BUMMER GENERATION: LAURA CASTELLANOS’ CAST OF CHARACTERS

By Peter Frank

 

 

  It begins with a rabbit’s head of sorts: round, white, the ears sticking up above, a black circle around one black bead of an eye. But instead of an inverted-V harelip, this hapless lagomorph’s mouth is a tremulous horizontal rictus, black-tinged red, at best a downcast moue, at worst the beginnings of a wail. This is one sad rabbit – not hungry, lost, wet, or caught in a trap, but existentially adrift, the head afloat in a dark sea. The comic-strip simplifications only heighten the pathos. Bugs hasn’t been bagged, he’s been bummed.
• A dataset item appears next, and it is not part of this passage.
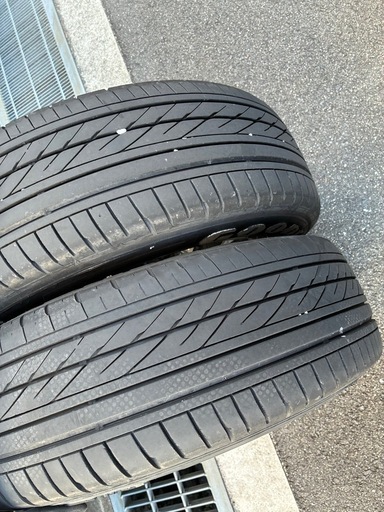 ハイエース用タイヤ、ホイルセット　215/60/17　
   In 2006 Laura Castellanos transited from her glistery, effulgent abstractions into anti-portraits like bummerbunny described above, conjurations of creatures and characters whose exaggerated features and myriad scarifications in and around the heads themselves evince a graffiti aesthetic – a pan-graffiti aesthetic, going from tagger writing and Bay Area “Mission School” mega-doodles back to the “Kilroy Was Here” meme of World War II GIs. But the grit and glow of the paint itself, its luminous palette and its vigorous gesturality, betray Castellanos’ skill and accomplishment as a painter. She could have drawn these sad sacks and bug-eyed monsters, as most cartoonists do, but she painted them – and painted them in a way that makes these paintings as much about painting as about their portrayed subjects, no matter how small the paintings may be.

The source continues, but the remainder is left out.